Work required —
The copy you give must match the records exactly, except that it holds no images.

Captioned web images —
----

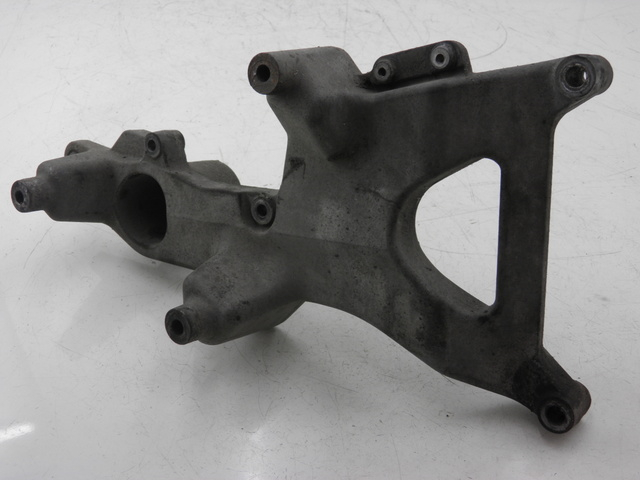 photo de EXHAUST MOUNT HONDA FES PANTHEON 125 (2003 - 2007) - Technical close-up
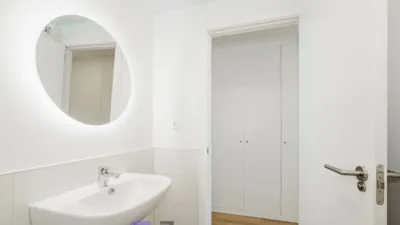 Piso en alquiler en Calle C. Carlos Benítez Saurel, Entrenúcleos (Dos Hermanas) de 950 €<span>/mes</span>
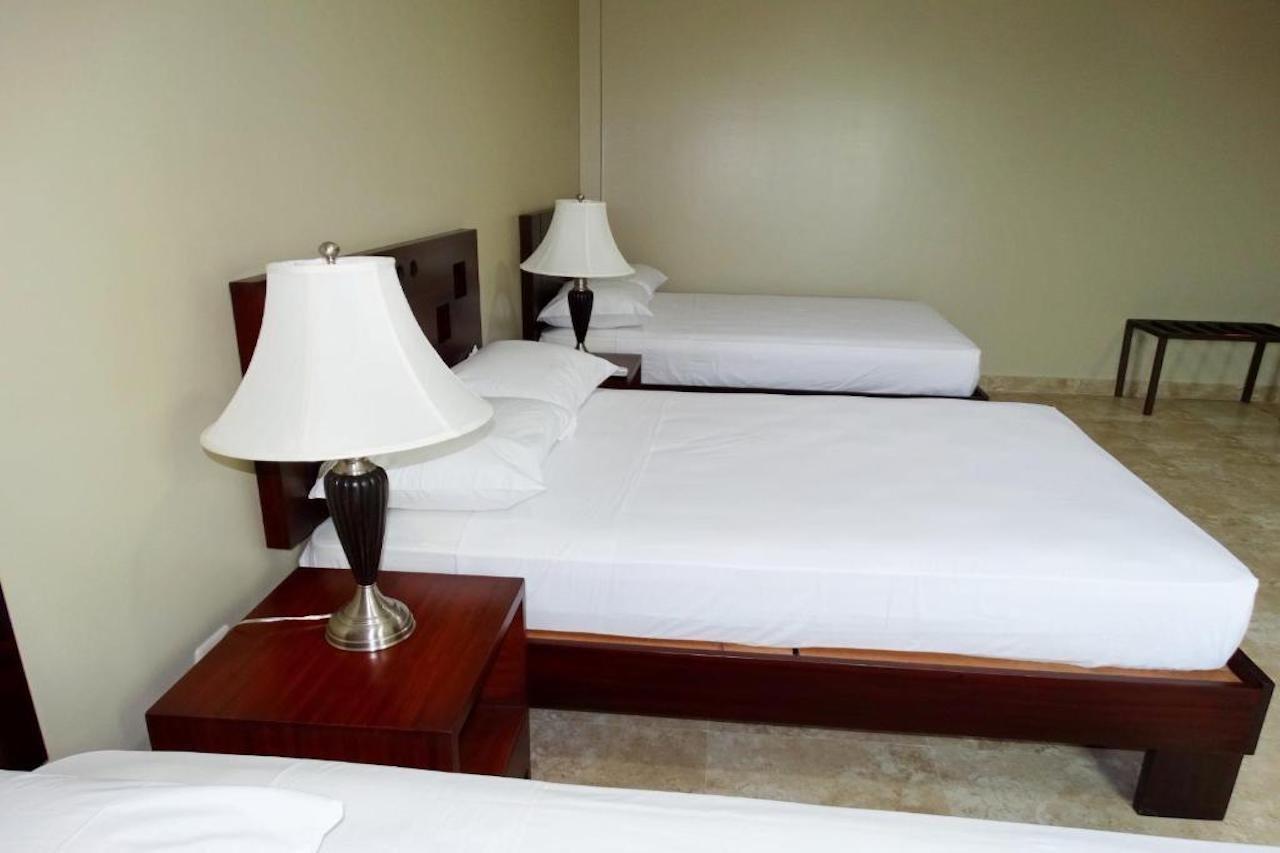 Hotel Marvento Suites Салинас Екстериор снимка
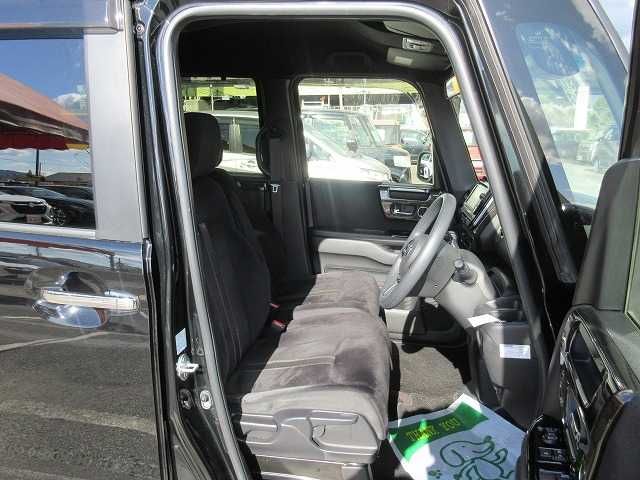 HONDA N BOX CUSTOM 2019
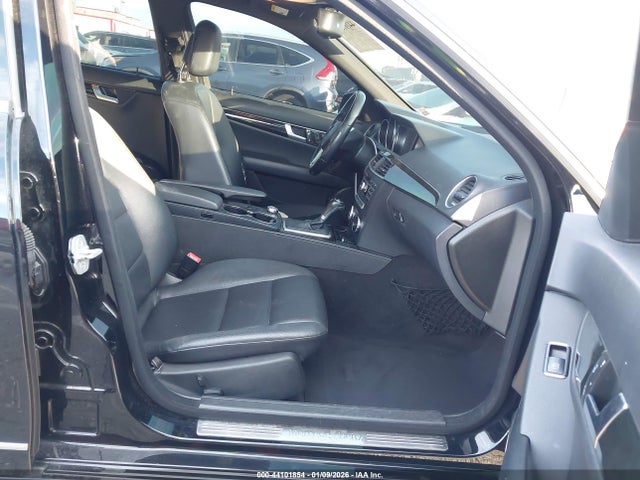 2013 MERCEDES-BENZ C 350 WDDGF5HBXDA825307 Photo 4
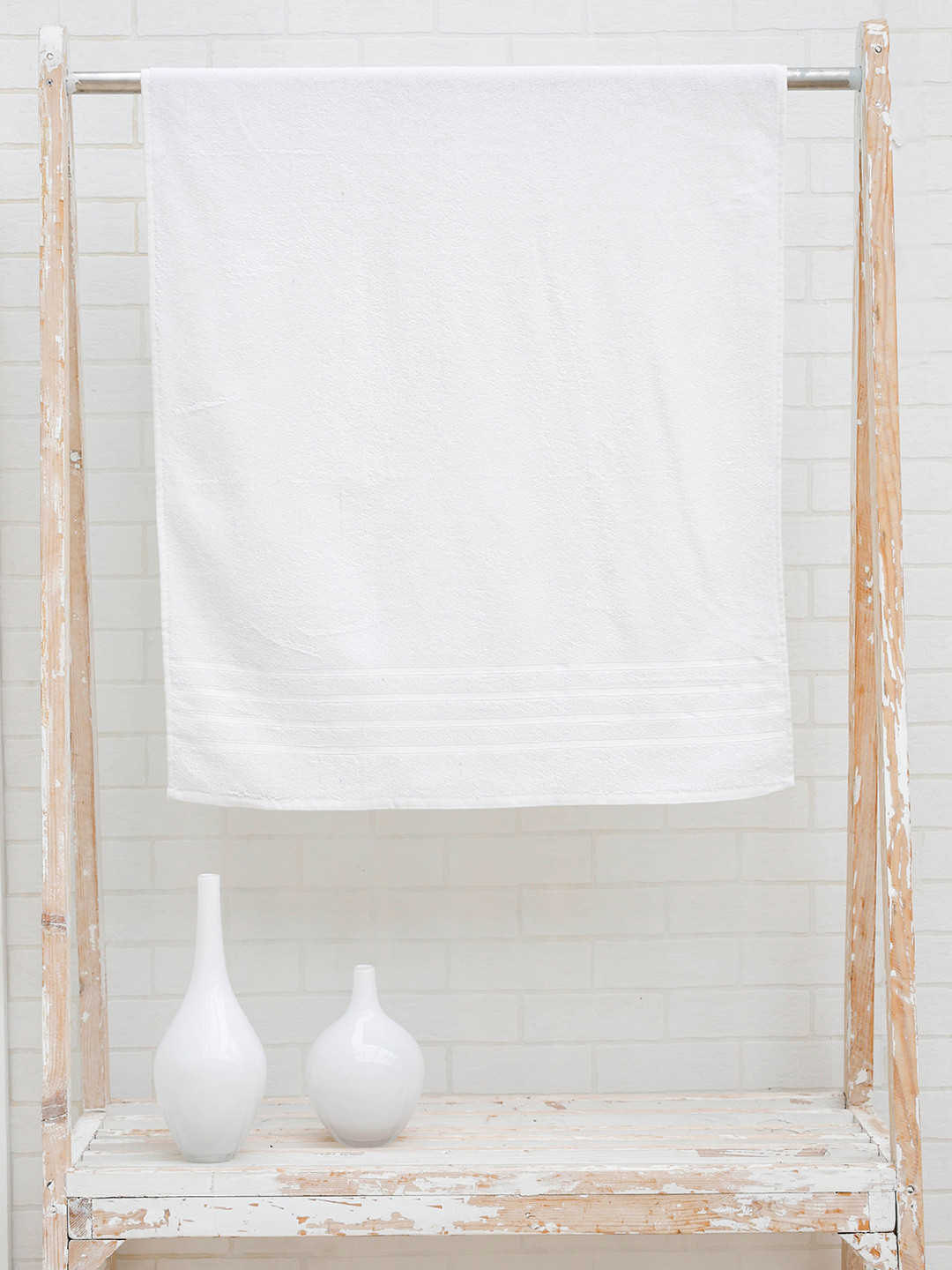 Ariana White High-Absorbent 450 GSM Quick-Dry Cotton Bath Towel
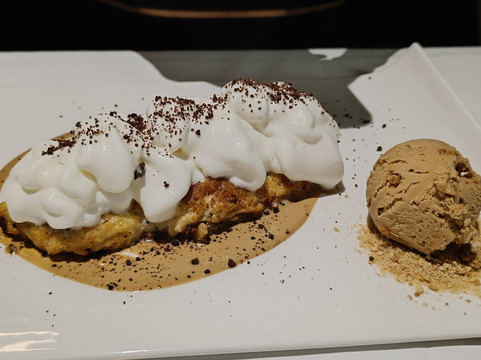 卡萨富尔特宫酒店主图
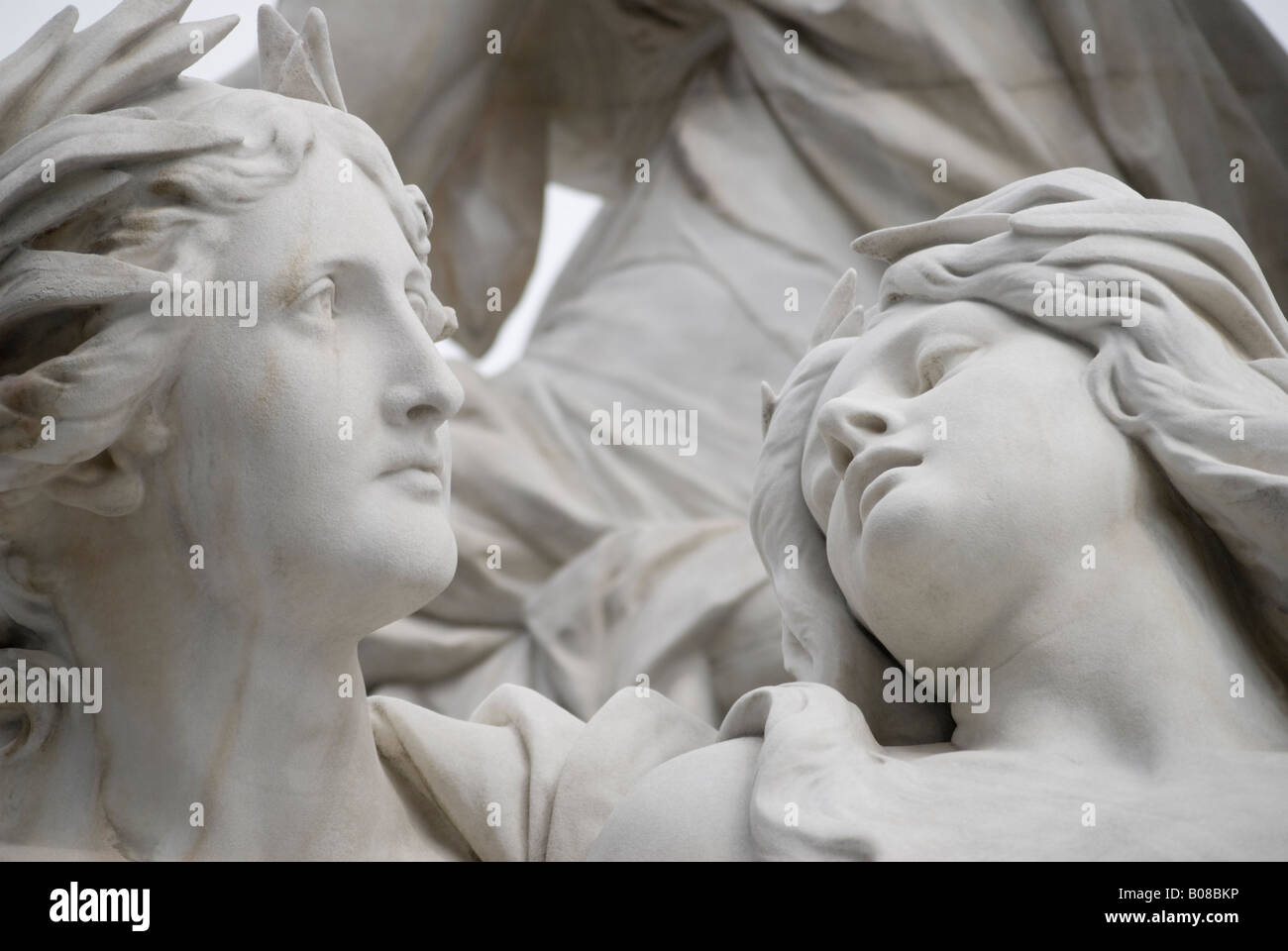 Vienne, Autriche. La fontaine Pallas Athene /Pallas-Athene-Brunnen (Carl Kundemann; 1902) devant l'édifice du Parlement. Détails Banque D'Images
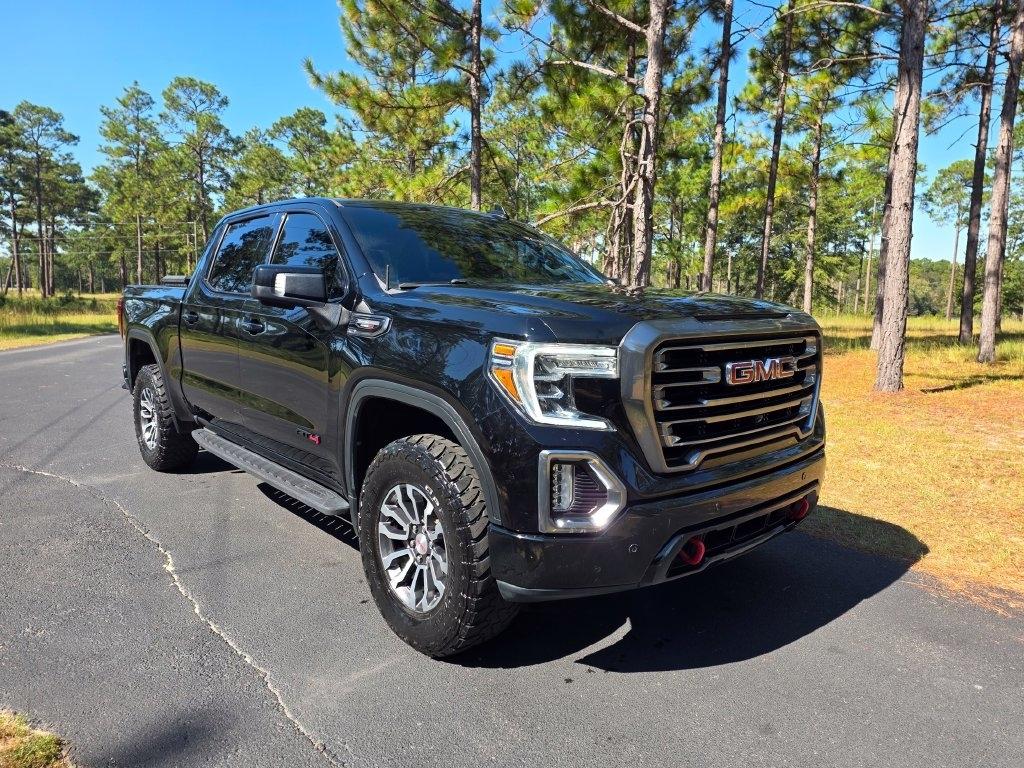 GMC Sierra 1500 4WD Crew Cab 147" AT4 2021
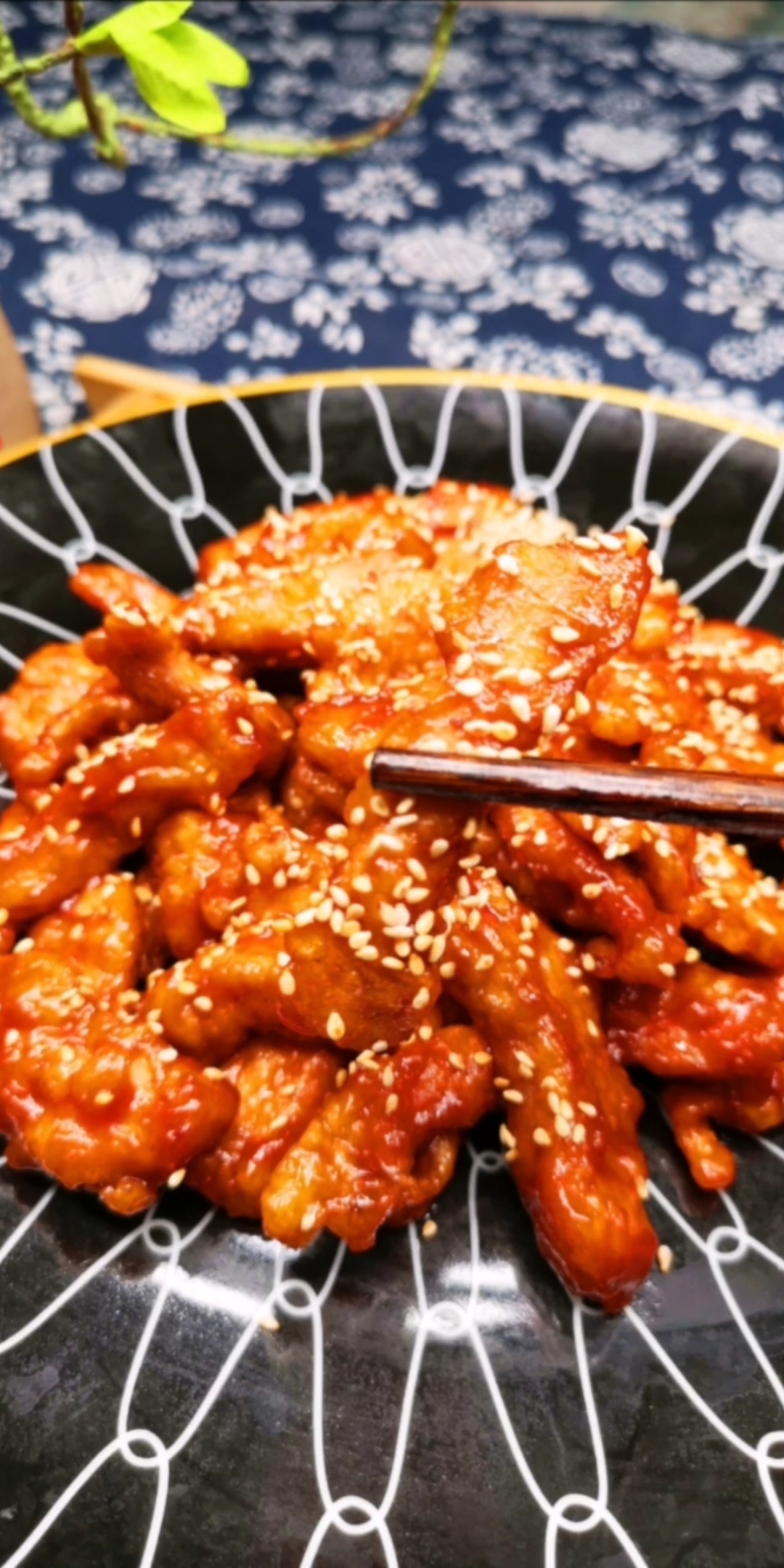 #过年你家吃什么#炸酥肉时,不少人第一步就错了,教你正确做法,年夜饭必备的硬菜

----

Written reply —
 photo de EXHAUST MOUNT HONDA FES PANTHEON 125 (2003 - 2007) - Technical close-up
 Piso en alquiler en Calle C. Carlos Benítez Saurel, Entrenúcleos (Dos Hermanas) de 950 €<span>/mes</span>
 Hotel Marvento Suites Салинас Екстериор снимка
 HONDA N BOX CUSTOM 2019
 2013 MERCEDES-BENZ C 350 WDDGF5HBXDA825307 Photo 4
 Ariana White High-Absorbent 450 GSM Quick-Dry Cotton Bath Towel
 卡萨富尔特宫酒店主图
 Vienne, Autriche. La fontaine Pallas Athene /Pallas-Athene-Brunnen (Carl Kundemann; 1902) devant l'édifice du Parlement. Détails Banque D'Images
 GMC Sierra 1500 4WD Crew Cab 147" AT4 2021
 #过年你家吃什么#炸酥肉时,不少人第一步就错了,教你正确做法,年夜饭必备的硬菜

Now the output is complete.